Tax Deductions And Tax Credits

People are often confused about tax deductions and tax credits, but these are very easy to understand.

Tax deductions are relaxations from expenses you get if you fulfill certain conditions. For example, say you will get a saver’s credit if you contribute to an IRA fund. Similarly, if you have a qualified residence, you can avail of the deduction of qualified residence interest. 

Suppose you have a loan of $80000 and paid interest of $2000 in the previous year; you can avail of the deduction of $2000.

The major difference between a tax deduction and a tax credit is that a deduction lowers an individual amount while a tax credit lowers your overall tax liability.

Say you are an S Corporation, and you paid $20000 as per the pay-as-you-go option. At the year’s end, your tax liability is only $10000. Now, you will have a tax credit of $10000, which you paid in excess. Next year, you will have to pay nothing if your tax liability is under $10000, as your money is already lying with IRS.

So, you get a dollar-for-dollar credit on your overall liability if you have a tax credit. But you must claim individual deductions. Don’t be confused by standard deduction, as it is covered in the next point.

Standard Deduction And Itemizing

If you do not possess expert financial knowledge, then claiming various income deductions might be tricky. So, hiring a tax preparer in Mesa who can guide you best is recommended.

But you must learn what standard deduction is and whether it is beneficial, or you should go for itemizing.

The standard deduction is an aggregate amount of deduction that is permissible to be deducted from your total income. It lowers your overall gross income, and even a beginner can benefit from a standard deduction if they file their tax return independently.

But what if the standard deduction is not beneficial for you? What if itemizing will get you more benefits?

Thus, you need a tax preparation service in Mesa. Itemizing is claiming individual deductions from separate items, such as deductions for qualified residence interest, IRA payments, etc. But it requires having an idea of how to calculate a deduction amount.

The ceiling of the standard deduction is fixed. You can only claim a certain amount. If you hire a tax preparer, they will calculate your income both ways and help you exercise the most beneficial option.

Understand The Requirements Of Your State

The Federal system means there are different laws in different states. Therefore, you must understand the laws of your state before you file your taxes. If you are single and filing individually, then most laws are the same, but being a business, you need to know about the various taxes.

Businesses must learn about these taxes:

Payroll Taxes: Different payroll taxes, such as withholding tax, vary from state to state. Also the tax rates differ in states.

Income taxes: The taxes and tax rates are different for companies. Whether you are an S Corporation or a C Corporation, it impacts the laws you must adhere to.

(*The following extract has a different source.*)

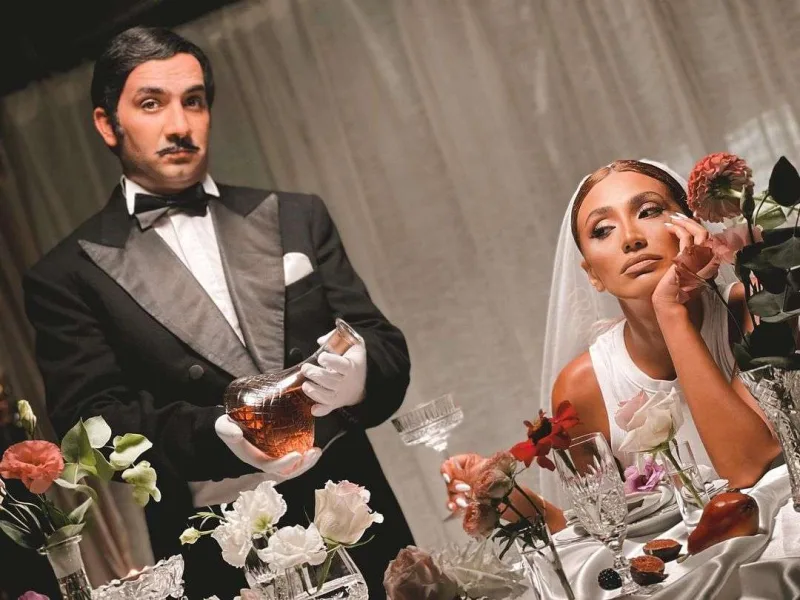 Röya toylara niyə fata ilə gedir?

Sales Tax: Businesses must collect and pay sales taxes from customers to the government.

Smart Investments

To protect your hard-earned money from being snatched away as taxes, hire a tax preparer in Mesa or an investment expert to help you understand the following tax planning strategies, which can help you lower your tax liability.

Investing money in retirement funds is a good idea. You can put money in a 401(k) account which your employer facilitates.

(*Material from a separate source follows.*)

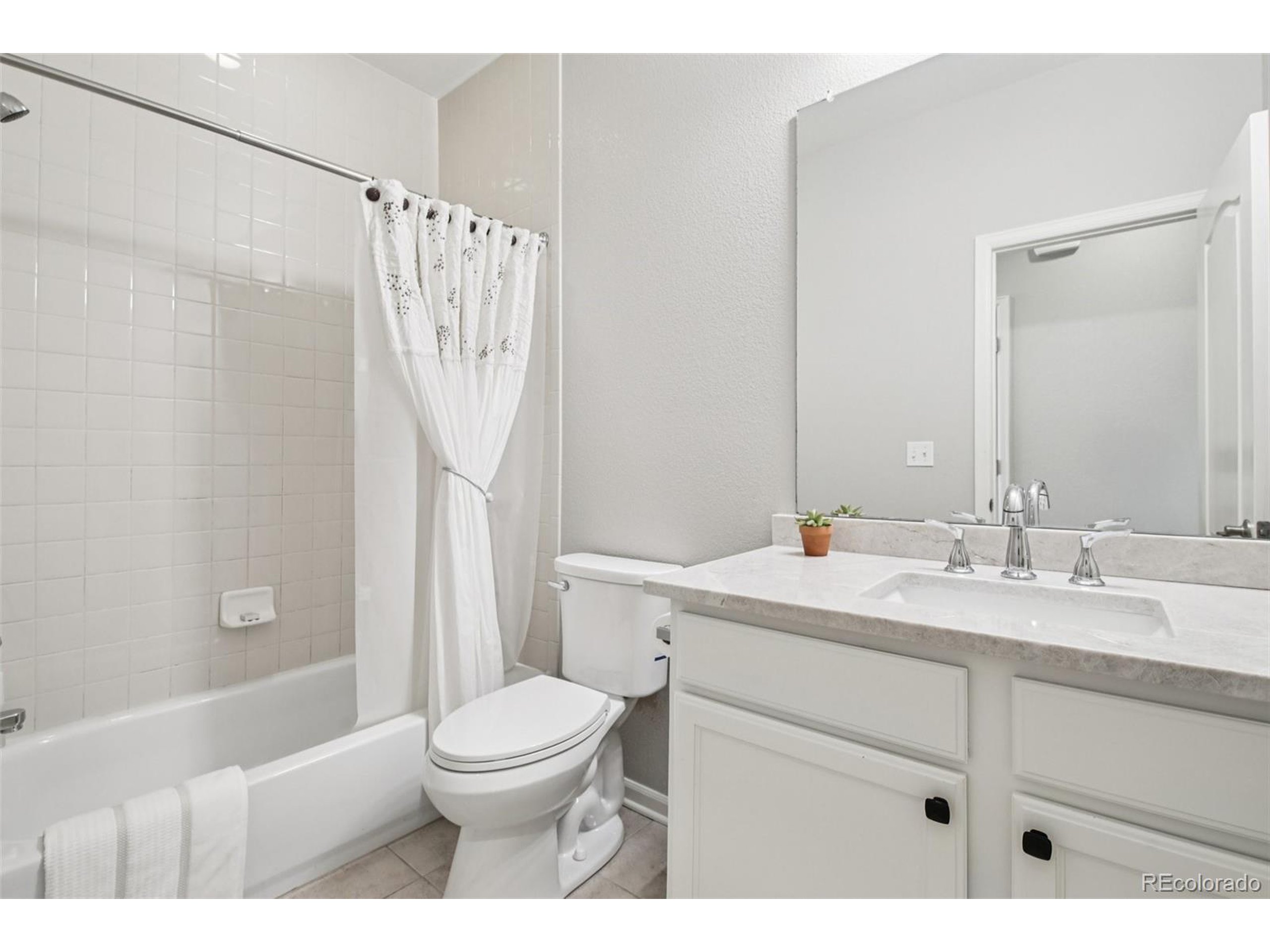 23327 E Ottawa Dr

You can also put money in an IRA account. There is a ceiling limit of $6000 for contributions. However, other factors also affect your limit, such as your contribution to retirement funds at work.

Protect your health by investing in Health Savings Accounts which allow you to pay your medical expenses and save you from unexpected spending.

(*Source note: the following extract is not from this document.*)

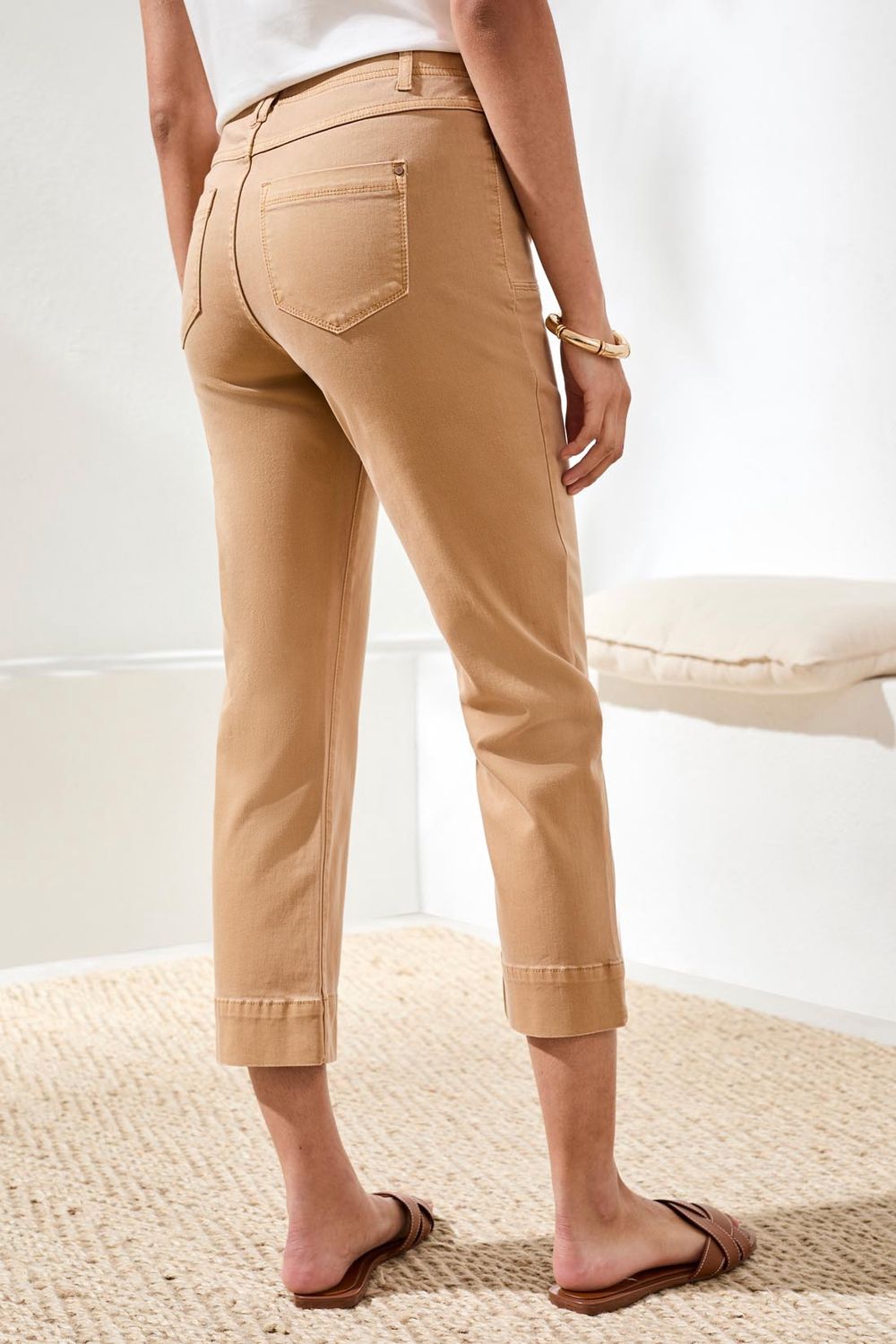 Capri 5 pocket Pull On Kick Flare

Apart from these, you can invest in mutual funds, open a flexible spending account, a 529 account, etc.

Final Words

Tax planning requires a good understanding of the laws governing your income, expenses, and investments. Tax preparation services in Mesa are a better option than filing your taxes on your own, as they are experts and help numerous individuals and businesses daily. It will also save you time and costly mistakes. So, if you want to save money on your taxes, hire a tax preparer in Mesa now.